1 (12-ounce) French bread baguette (16 inches long)
1/4 cup canola mayonnaise
1 1/2 tablespoons chopped fresh flat-leaf parsley
1 1/2 tablespoons fresh lemon juice
1 tablespoon capers, chopped
2 teaspoons whole-grain Dijon mustard
1 teaspoon minced garlic
1/4 cup cornstarch
1/4 cup cornmeal
1 1/4 pounds large shrimp, peeled and deveined
4 teaspoons canola oil
3 romaine lettuce leaves
1/4 cup thinly sliced red onion
How to Make It
Cut baguette in half horizontally. Hollow out top and bottom halves of bread, leaving a 1/2-inch-thick shell; reserve torn bread for another use. Combine mayonnaise and next 5 ingredients (through garlic) in a small bowl; stir well. Spread mayonnaise mixture evenly over cut sides of bread.
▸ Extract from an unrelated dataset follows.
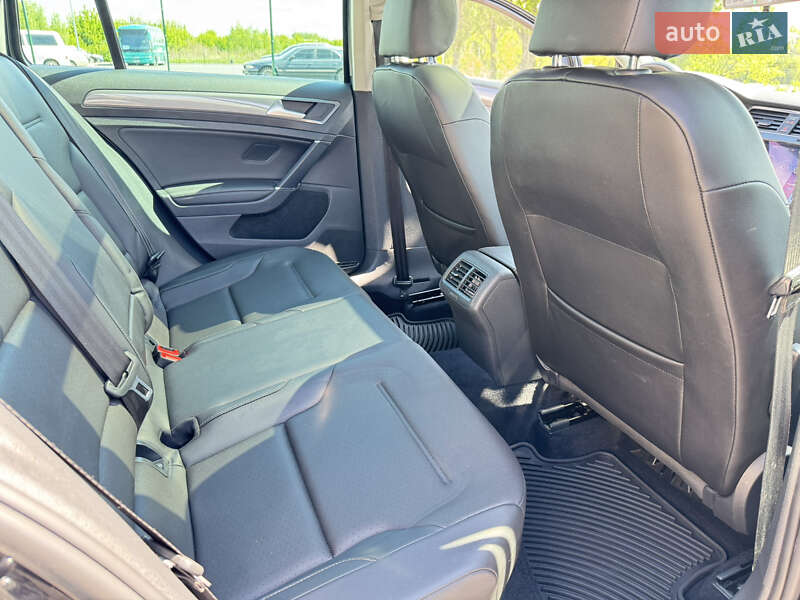 Універсал Volkswagen Golf Alltrack 2017 в Василькові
Combine cornstarch and cornmeal in a shallow dish. Dredge shrimp in cornmeal mixture; shake off excess cornmeal mixture.
Heat a large nonstick skillet over medium-high heat. Add oil to pan; swirl to coat. Add shrimp; cook 3 minutes on each side or until done.
Arrange lettuce, shrimp, and onion on bottom half of baguette; cover with top half of baguette. Cut loaf into 4 pieces. Serve immediately.